Dan semua orang itu hancur sebagai buah dari perbuatan jahat mereka. Tetapi
ketika Raja Pasenadi -raja Kosala- memberikan persembahan dana makanan yang
tidak tertandingi, apakah di kehidupan itu juga dia menerima kekayaan atau
keagungan atau kebahagiaan?”
“Tidak, O baginda, tidak.”
“Kalau begitu, Nagasena, tentu saja ketidakbajikan lebih kuat daripada
kebajikan.”
“Seperti halnya, O baginda, padi yang jelek akan masak dalam waktu satu atau
dua bulan, tetapi padi yang baik akan masak baru setelah lima atau enam bulan;
demikian juga perbuatan bajik akan berbuah setelah jangka waktu yang lama.
Lebih jauh lagi, O baginda, hasil dari perbuatan bajik maupun perbuatan jahat
akan dialami di dalam kehidupan yang akan datang; tetapi karena kejahatan itu
tercela, maka ditetapkan bahwa mereka yang berbuat jahat akan dihukum sesuai
undang-undang. Sebaliknya, mereka yang berbuat bajik tidak mendapat hadiah.
Jika seandainya ditetapkan suatu hukum untuk memberikan hadiah kepada pelaku
perbuatan bajik, maka perbuatan-perbuatan bajik juga akan menghasilkan buah di
dalam kehidupan ini juga.”
“Bagus sekali, Nagasena, hanya oleh orang sebijaksana Anda teka-teki semacam
ini dapat diselesaikan. Pertanyaan yang kuajukan dari sudut pandang yang biasa
telah Anda jelaskan dengan pengertian yang luar biasa.”
74. Membagikan Jasa
“Apakah ada kemungkinan bagi
keluarga yang telah meninggal untuk ikut menerima jasa dari suatu perbuatan
bajik?”
“Tidak. Hanya mereka yang dilahirkan sebagai setan kelaparan yang makanannya
adalah perbuatan bajik orang lainlah yang dapat ikut menerima jasa. Mereka yang
dilahirkan di neraka, surga, terlahir sebagai binatang, setan kelaparan yang
makanannya muntahan, atau setan yang selalu lapar dan haus, atau setan
kelaparan yang dipenuhi nafsu keinginan, tidak akan mendapatkan manfaat.”

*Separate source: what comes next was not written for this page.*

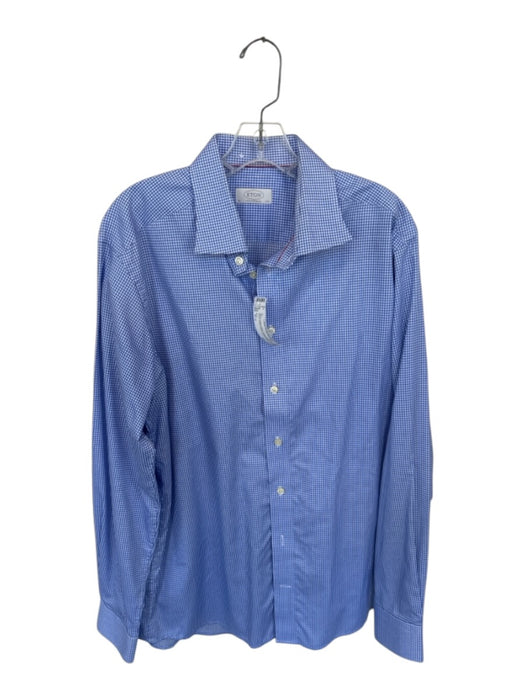Eton Size 17.5 Blue & White Cotton Checkered Button Down Men's Shirt Blue & White / 17.5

“Kalau begitu, persembahan di dalam kasus-kasus itu tidak ada gunanya, karena
mereka yang diberi tidak mendapat manfaat.”
“Tidak demikian, O baginda. Persembahan-persembahan itu bukannya tidak berbuah
atau tanpa hasil, karena si pemberi sendiri mendapat manfaat darinya.”
“Yakinkanlah aku dengan alasan.”
“Bila beberapa orang telah menyiapkan hidangan dan mengunjungi sanak
saudaranya, tetapi sanak saudara mereka tidak menerima pemberian itu, apakah
pemberian tersebut menjadi sia-sia?”
“Tidak, Yang Mulia, si pemilik sendiri dapat memakannya.”
“Demikian juga, O baginda, si pemberi persembahan mendapatkan mafaat dari
persembahan dana tersebut.”
“Kalau begitu, apakah juga mungkin membagikan ketidakbajikan?”
“Ini bukanlah pertanyaan yang patut diajukan, O baginda. Anda kemudian akan
bertanya kepada saya mengapa ruang angkasa tidak berbatas dan mengapa manusia
dan burung berkaki dua sedangkan rusa berkaki empat!”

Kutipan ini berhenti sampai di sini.